GOING BEYOND THE FOURTH RING

I am not an expert, but I think this city is organized into rings encasing smaller rings. The higher the number, the larger the ring. I am somewhere buried inside the second ring. My 50 RMB map covers the entire second ring, the southern half of the third ring, and the southern half of the fourth ring. This week, I decided to take the bike beyond the fourth ring, beyond the map, into the uncharted lands of the northern rings. I ate some tomato and fried egg, picked a hot location, and drew an award winning map.


My homemade map of the land beyond the fourth ring can be seen in all it’s screaming glory above. The goal was to find the Bird’s Nest, the location of the 2008 Olympics. When I reached Tiananmen Square, I realized I’d been peddling south for thirty minutes. I turned up the Depeche Mode in my headphones and pulled off a practiced move, the U-Turn.

After crossing bridges and rivers … after battling heavy winds and madman traffic … after crashing into an old man … after peddling through Depeche Mode’s ‘Music for the Masses‘, Phil Collin’s ‘Face Value‘, and Al Green‘s ‘Greatest Hits’ … I finally found the Bird’s Nest.


China only creates sites on a man crumbling scale. Similar to the Forbidden City, the scale of this site seems to shrink man to a legless insect crawling on the back of the moon. There are several exciting pieces of architecture at the site of the flamboyant 2008 Olympics. Each piece wrestles for your attention, pulling off one another. The Bird’s Nest seems to garner the most attention. I try to buy tea at a booth here using my best Chinese and the women laugh at me. I revert back to speechless pointing and receive my bottled tea. A monkey could do what I do.

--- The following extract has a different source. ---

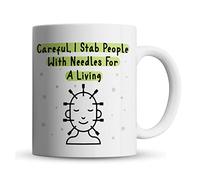 Inky Penguin - Stab People with Needles - Acupuncture, Funny Acupuncturist Gift Mug, Ceramic, 11fl. oz.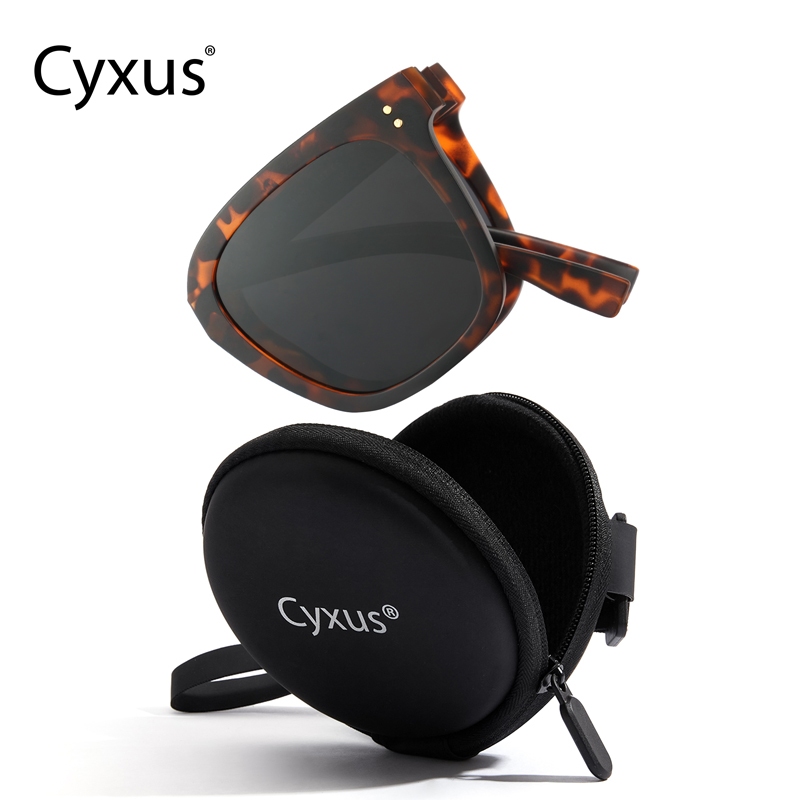 Cyxus แว่นตากันแดดแบบพับได้โพลาไรซ์ TR สําหรับผู้หญิงผู้ชายพับแว่นตากันแดดแฟชั่นกรอบ UV400 แว่นตา P1577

And for those of you that are questioning if my elementary map really got me to the Bird‘s Nest from Dongsishisitiao, the picture below is for your refrigerator.

1 comment:

  1. At-a-boy. What an experience. Hope that you also saw the water cube. Although seeing the bird's nest and not seeing the water cube would have required the ultimate in tunnel Vision. Did you see also the amazing transmission tower complex? With your back to the water cube and facing the bird's nest, it would have been to your left. Another structure, amazigly built so that the Olympics could be transmitted live around the globe.